A argumentação, porém, precisa ser analisada com cautela. Programas como o Bolsa Família têm como finalidade reduzir a pobreza e a insegurança alimentar e atender famílias em situação de vulnerabilidade. A existência de beneficiários, por si só, não significa que essas pessoas não trabalhem ou não tenham interesse em ingressar no mercado formal. O desafio está em conciliar proteção social, geração de emprego, qualificação profissional e sustentabilidade das contas públicas.
Outro ponto levantado no discurso é o volume de brasileiros que recebem algum tipo de benefício governamental. A afirmação de que “sete em cada dez pessoas em idade de trabalhar recebem auxílio” e a referência a 94 milhões de beneficiários exigem uma distinção técnica: receber uma transferência de renda não é o mesmo que estar fora do mercado de trabalho, assim como “benefício governamental” engloba programas de naturezas distintas. Por isso, números dessa magnitude precisam ser acompanhados da fonte, do período de referência e da definição exata de quais benefícios estão sendo contabilizados.
O discurso também faz uma crítica à utilização política da pobreza, sugerindo que governos poderiam ter interesse em manter parcelas da população dependentes de benefícios. Essa é uma interpretação política que não pode ser apresentada como fato comprovado sem evidências. O debate, entretanto, é legítimo quando se discute a necessidade de políticas públicas que não apenas aliviem a pobreza imediata, mas também ampliem a autonomia econômica das famílias.
Nesse sentido, especialistas em políticas sociais costumam apontar que o enfrentamento estrutural da pobreza depende de uma combinação de fatores: educação de qualidade, qualificação profissional, acesso à saúde, infraestrutura, crédito, ambiente favorável aos negócios e geração de empregos formais. A transferência de renda pode funcionar como mecanismo de proteção, mas não substitui políticas permanentes de desenvolvimento econômico.
O relato também cita um suposto programa denominado “auxílio crack”, atribuído à Prefeitura de Cabo Frio, no Rio de Janeiro, durante uma gestão anterior. A afirmação, por envolver uma acusação específica contra uma administração pública, necessita de verificação documental e jornalística independente antes de ser tratada como fato. Benefícios destinados a pessoas em situação de dependência química, quando existentes, podem ter diferentes formatos e objetivos, não significando necessariamente financiamento direto da compra de drogas.

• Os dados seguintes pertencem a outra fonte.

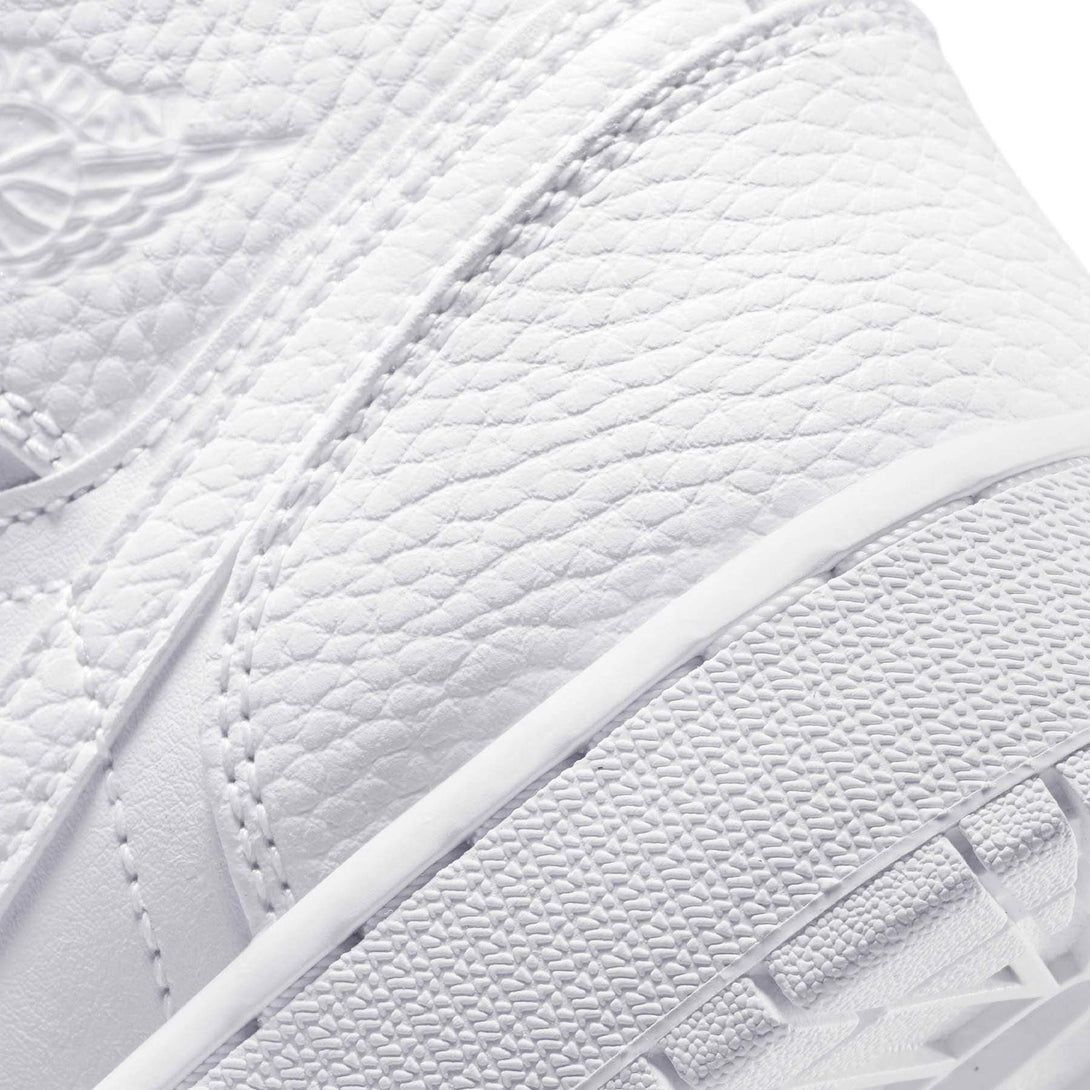 Air Jordan 1 Mid GS 'Triple White'- Streetwear Fashion - lacezy.com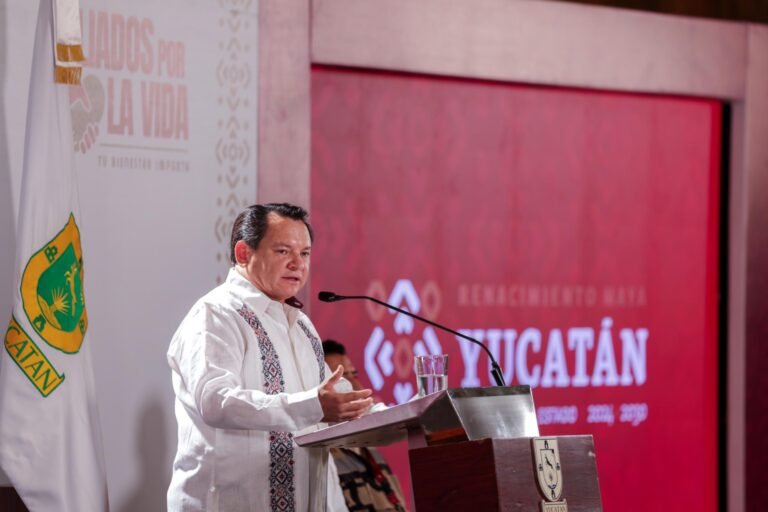 Brigadas informativas en mar de Yucatán elertan peligro de muerte por Marea Roja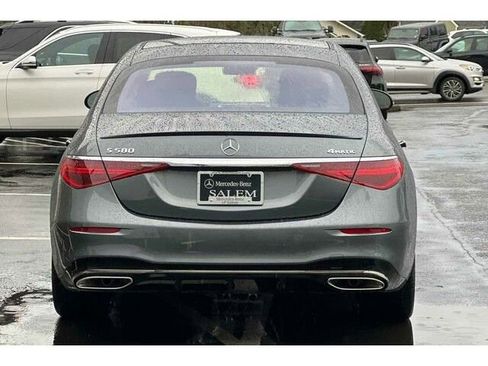 Used 2024 Mercedes-Benz S 580 4MATIC Sedan image 4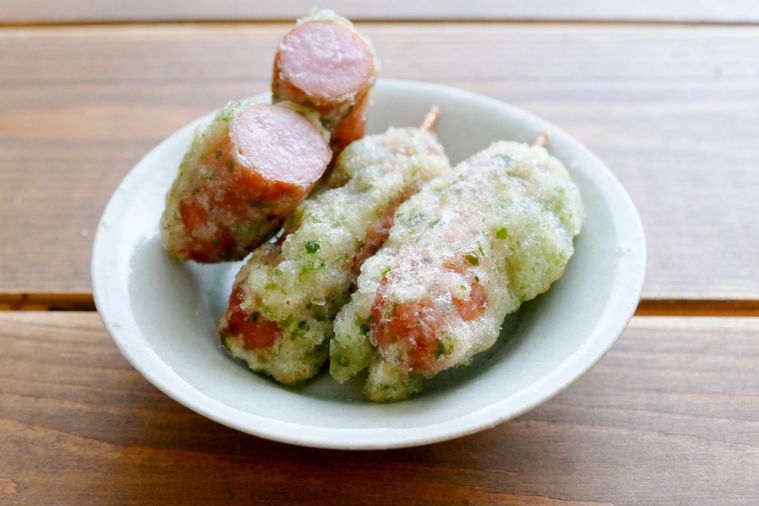 ウインナーの磯辺揚げの断面が見えるように盛り付けた小皿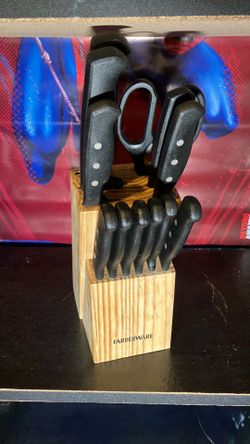 Farberware Knife Set & Wooden Block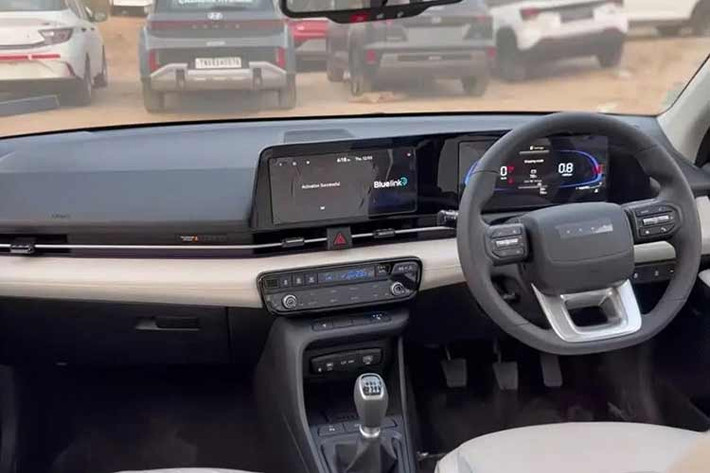 Bên trong, nội thất của Hyundai Accent 2026 cũng được tinh chỉnh ở một số trang bị. Trong đó, nổi bật hơn cả là vô lăng D-cut thể thao mới với mã morse thay cho logo chữ "H" quen thuộc của Hyundai. Tiếp theo là ghế bọc da nhân tạo, ghế trước chỉnh điện/thông gió, ghế lái hỗ trợ chỉnh điện 8 hướng với chức năng nhớ vị trí/thu gọn khi người lái ra/vào xe và ghế hành khách chỉnh điện 4 hướng.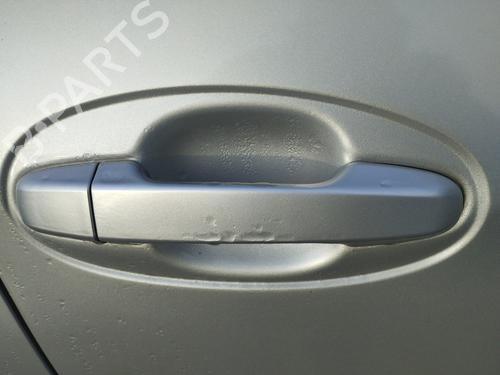 front-right-exterior-door-handle-toyota-yaris-_p13_-2010-2011-2012-2013-2014-2015-2016-2017-2018-2019-2020-31216424 main image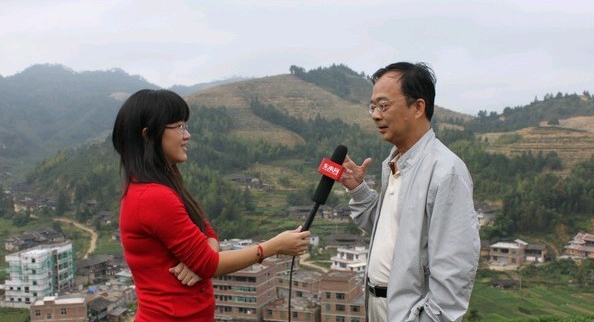 “余文乐与停车场指挥人员生口角是如何回事？当场破口大骂什么情况？”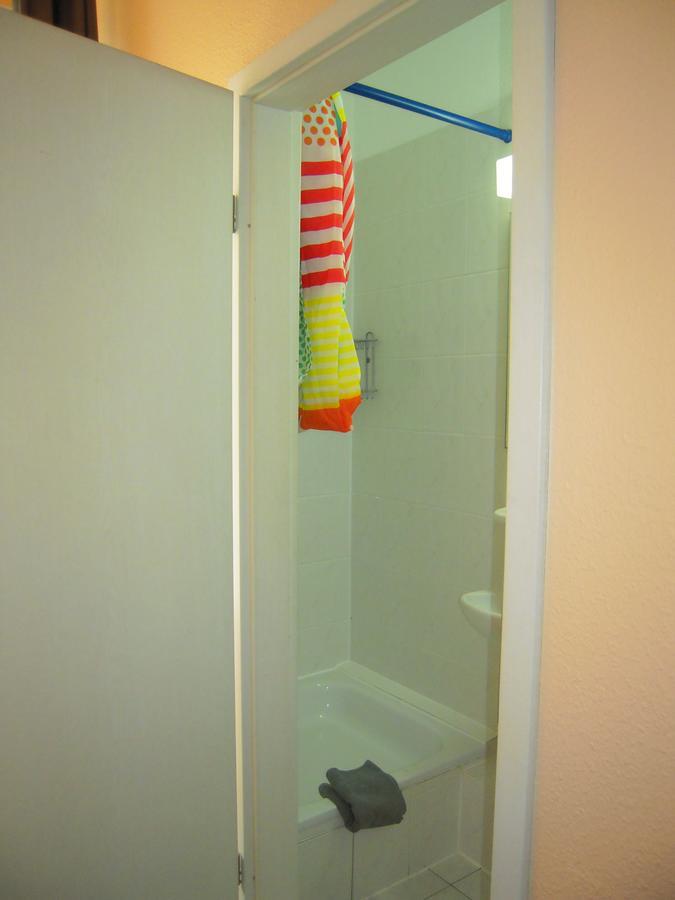 Happy Go Lucky Hotel + Hostel Schoneberg Berlin Bagian luar foto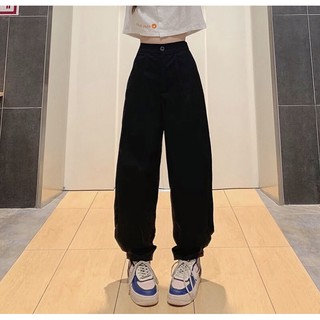 Quần joggers đính nút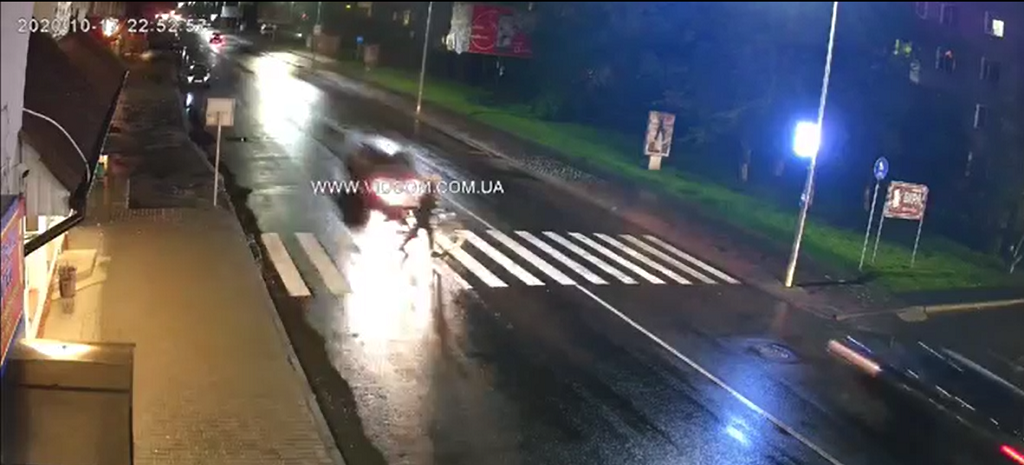 Відлетів на кілька метрів: у Володимирі-Волинському збили велосипедиста (відео)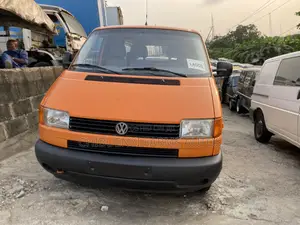 Volkswagen Transporter 2002 Orange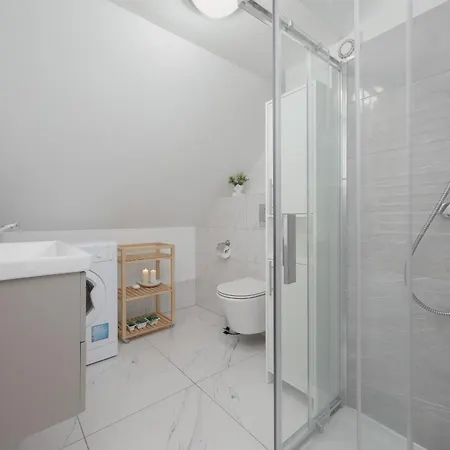 Modern With Functional Furnishings Centre By Renters *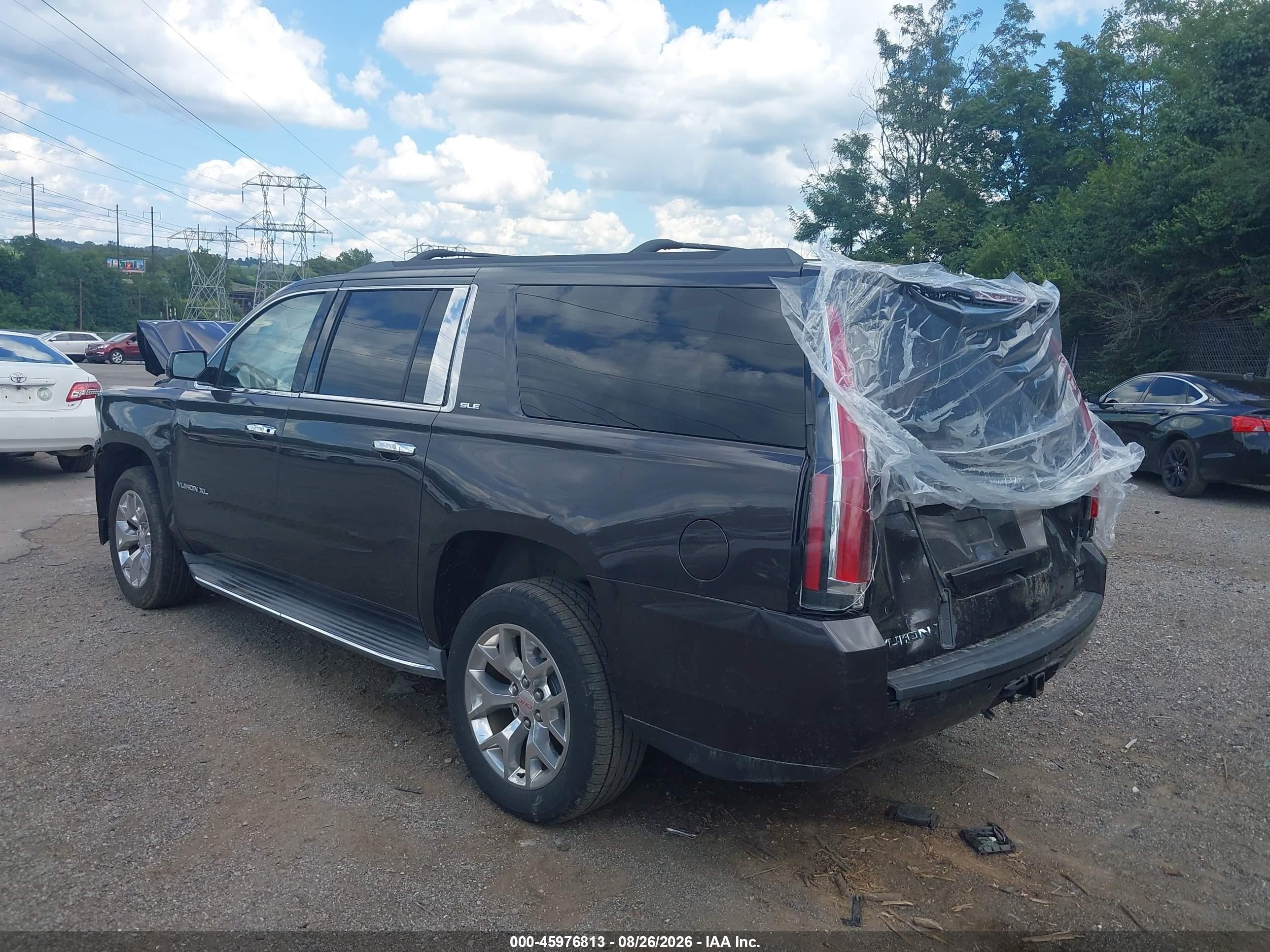 2015 Gmc Yukon Xl 1500 Sle Gray vin: 1GKS2GKCXFR141122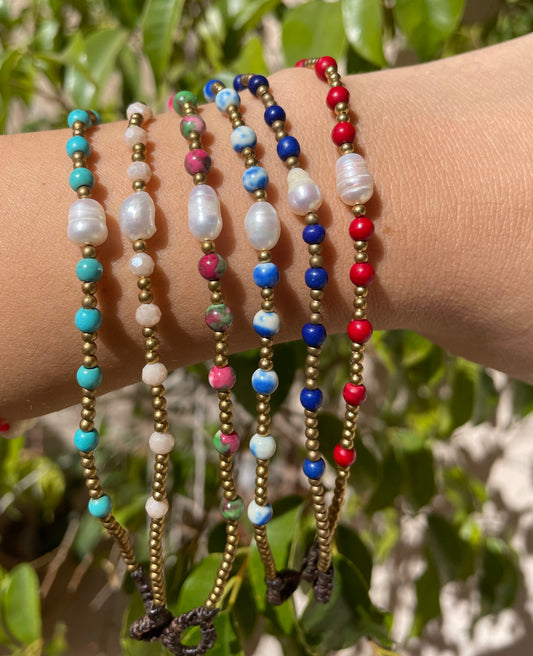 Bracciale con perle di fiume in 6 colori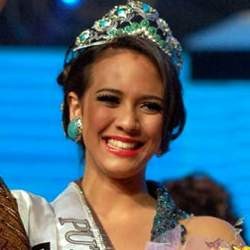 Puteri Indonesia 2010 Sedih Diisukan Menang karena Nepotisme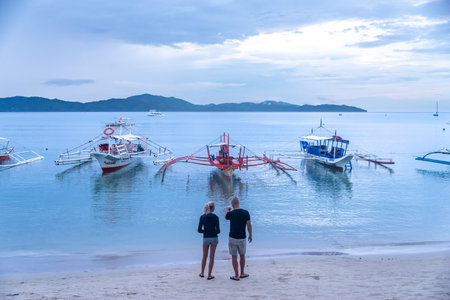 Dec 22,2018 Travelers who view the sea from the Port Barton, Palawan, Philippinesのeditorial素材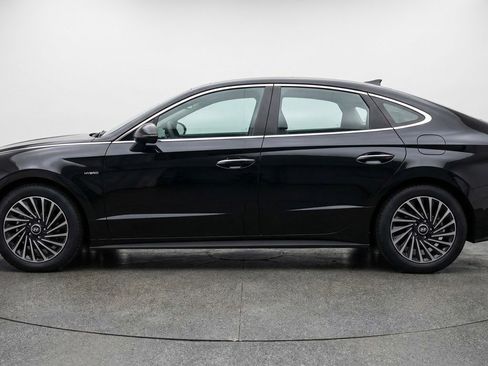 Used 2025 Hyundai Sonata SEL FWD image 5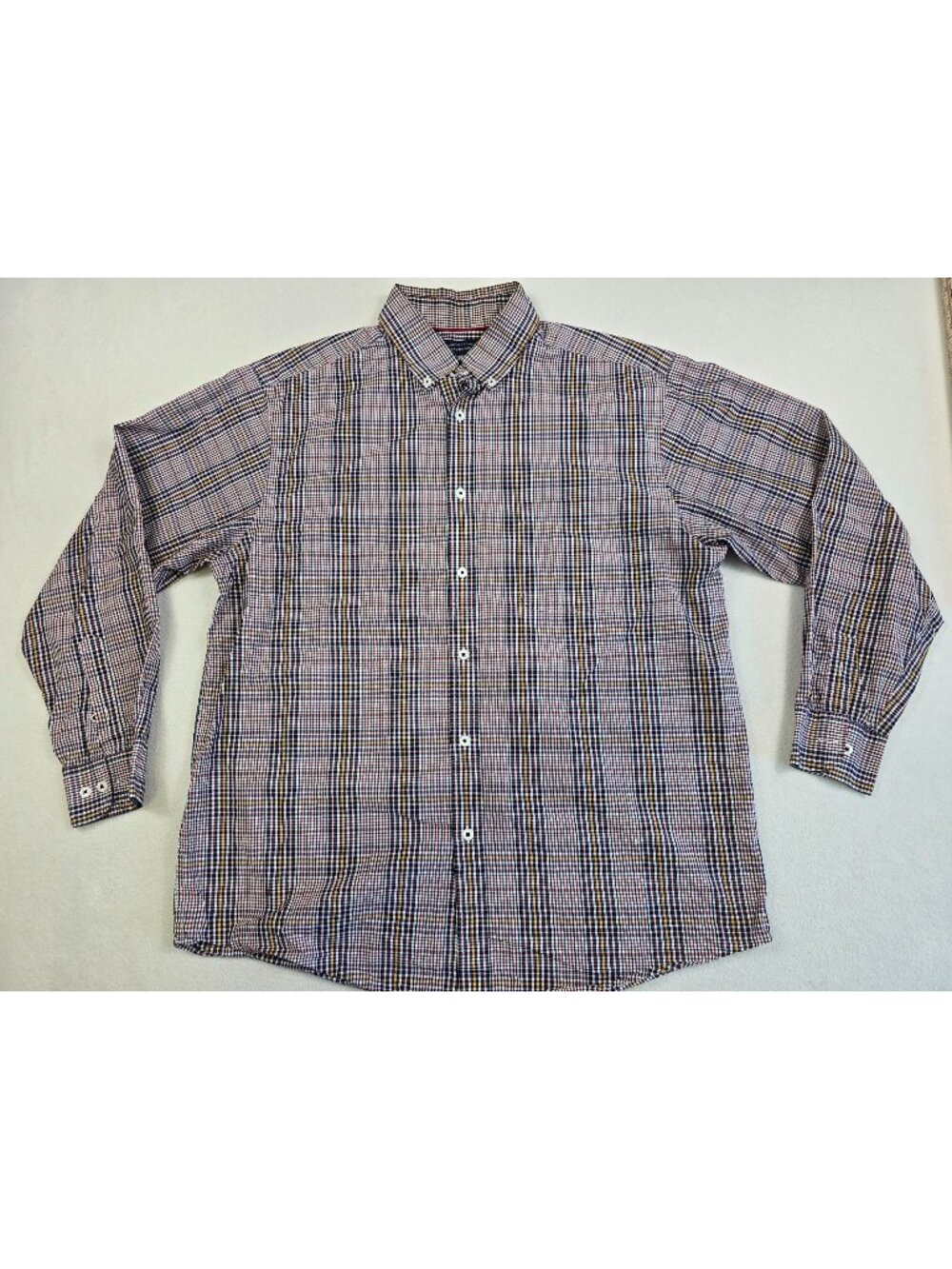 Roundtree & Yorke Mens Large Plaid Button-Down Long Sleeve Shirt 100% Cotton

Por trás das críticas apresentadas está uma questão econômica central: como construir uma rede de proteção social sem criar dependência permanente e, simultaneamente, garantir equilíbrio fiscal e oportunidades de trabalho?
A resposta passa menos pela eliminação da assistência e mais pela qualidade do desenho das políticas públicas. O desafio brasileiro é fazer com que a proteção social seja uma ponte para a autonomia, e não uma condição permanente de sobrevivência. Para isso, é necessário combinar responsabilidade fiscal, combate à pobreza, estímulo ao empreendedorismo, qualificação profissional e expansão da atividade produtiva.
O debate, portanto, não deveria ser reduzido à oposição entre “assistência” e “trabalho”. A questão fundamental é saber como o Estado pode proteger quem realmente precisa, sem desestimular a inserção produtiva e sem comprometer a capacidade financeira das futuras gerações. É nessa equação — entre proteção social, produtividade e equilíbrio das contas públicas — que se encontra uma das discussões mais importantes sobre o futuro econômico do Brasil.